President Barack Obama angrily lashed out against two key Republican senators who criticized Susan Rice earlier in the day, calling their attacks on his U.N. ambassador “outrageous.”
In his first formal meeting with reporters since his re-election last week, the president strongly defended Rice from criticisms made earlier in the day by Lindsey Graham (R-S.C.) and John McCain (R-Ariz.) over her role in the Sept. 11 attack on the U.S. Consulate in Benghazi, Libya that resulted in the deaths of four Americans, including U.S. Ambassador, J. Christopher Stevens.
“If Senator McCain and Senator Graham want to go after somebody, they should go after me,” Obama told the White House reporters. “I’m happy to have that discussion with them. But for them to go after the U.N. ambassador? Who had nothing to do with Benghazi? To besmirch her reputation? It’s outrageous.
“When they go after the U.N. ambassador, apparently because they think she’s an easy target, then they’ve got a problem with me.”
The remarks by McCain and Graham came Wednesday morning at The Washington Ideas Forum, a conference hosted by The Atlantic. In an interview with Jonathan Karl of ABC News, the senators were asked whether they would oppose Rice’s nomination as Hillary Clinton’s successor as Secretary of State as has been rumored in recent days.
Clinton has long insisted that she will not stay on and serve a second term as Secretary of State.

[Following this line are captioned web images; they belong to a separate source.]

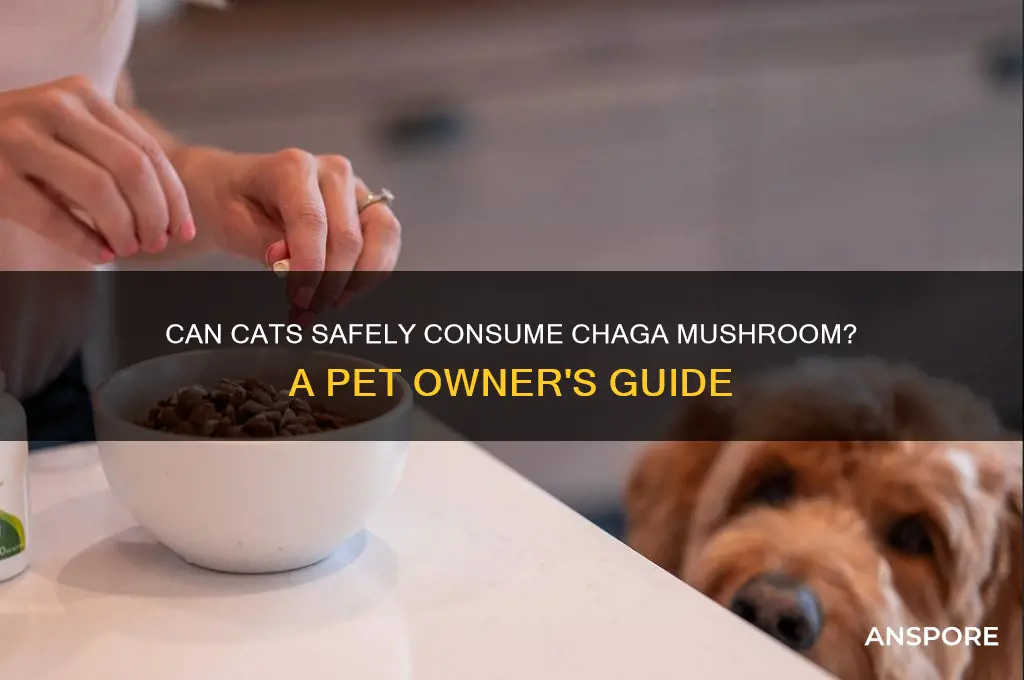can cats have chaga mushroom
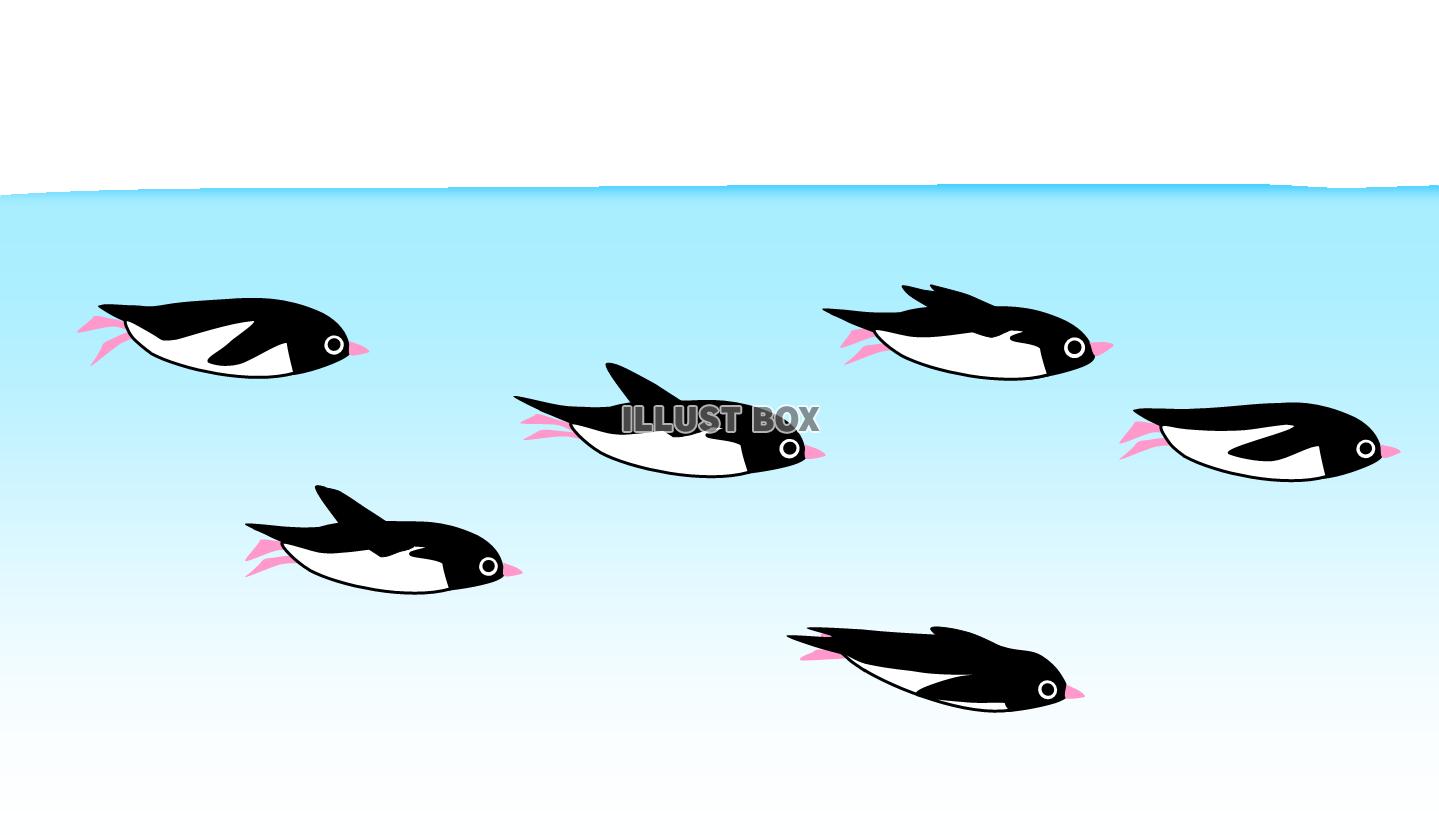 無料イラスト 泳ぐペンギンたち 南極 海 夏 水族館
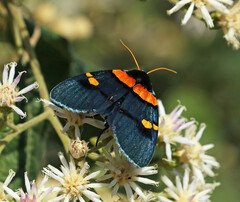 Egybolis vaillantina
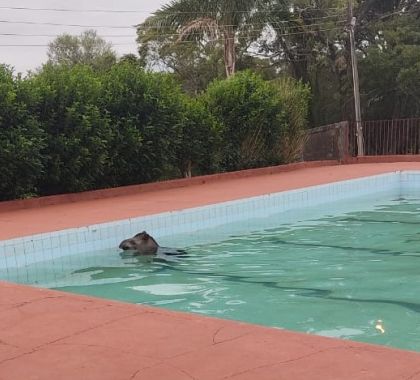 Anta com mais de 200 kg é resgatada de piscina em clube em MS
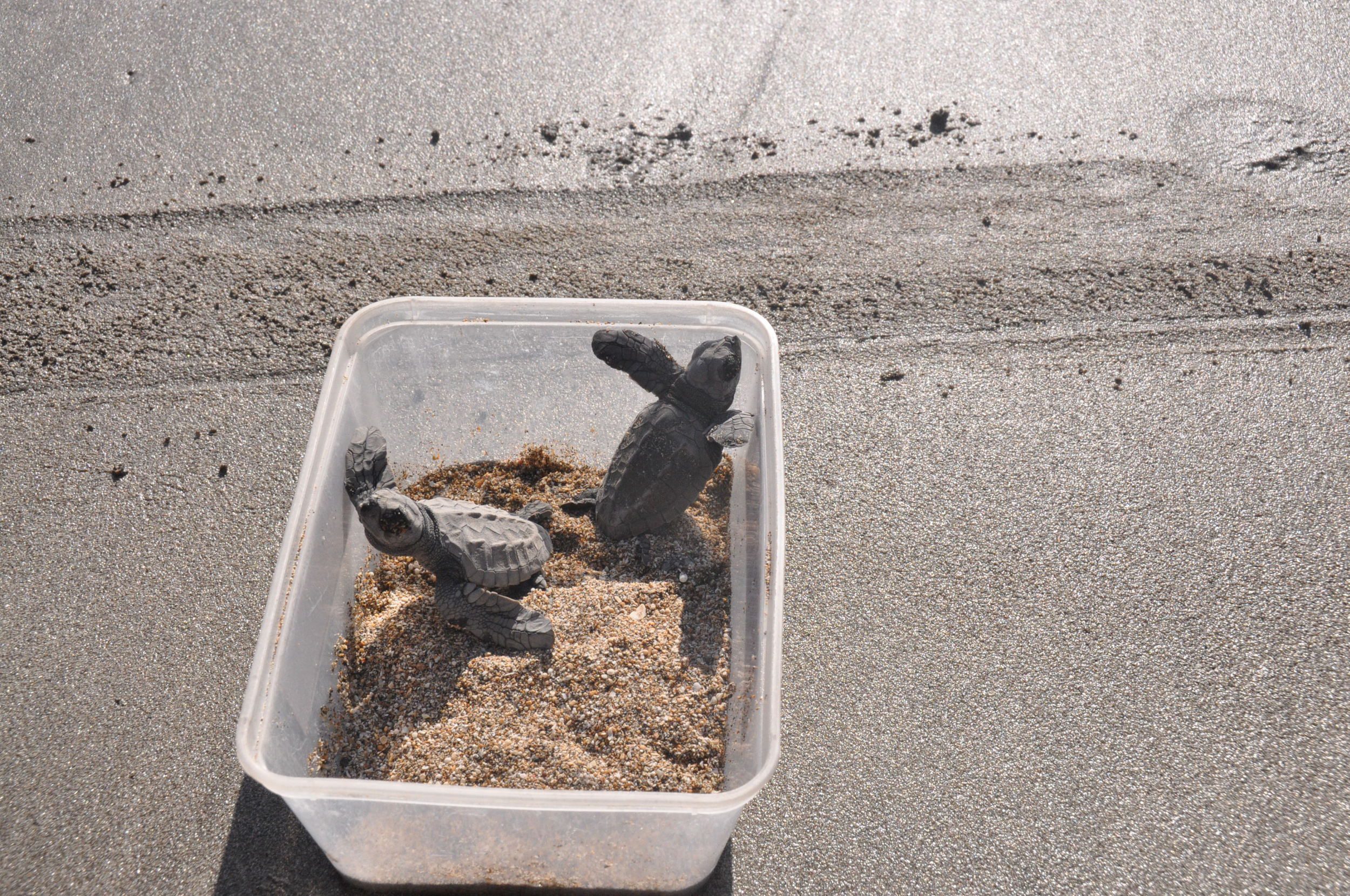 Releasing baby sea turtle Kuta Sea Turtle Conservatory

McCain, who fell short in his own presidential bid when he lost to Obama in 2008, said that he felt she was effectively disqualified from the position.
Asked if he would support a filibuster to block her, he replied, “Yes.”
McCain had earlier Wednesday laid out his opposition to Rice on CBS’s This Morning, saying that her remarks in the days after the September 11 attack on the U.S. Consulate in Benghazi showed that she was “not qualified” to lead America’s diplomatic efforts. At the Ideas Forum, McCain indicted her for “not being very bright, because it was obvious that this was not a ‘flash mob’ and there was additional information by the time she went on every news show … in America.”
Rice, following the lead of the intelligence community, had gone on a number of Sunday talk shows and attributed the attack to outrage stemming from an anti-Islam video produced by a Christian Egyptian expatriate based in California.
Graham said he couldn’t trust Rice to be America’s Secretary of State.
The GOP senators’ remarks were part of the day-long push for a Congressional investigation into the attack.
“Somebody has got to start paying a price around this place,” Graham said. “I don’t think she deserves to be promoted. There are a lot of qualified people in this country the president could pick, but I am dead-set on making sure we don’t promote anybody that was an essential player in the Benghazi debacle.”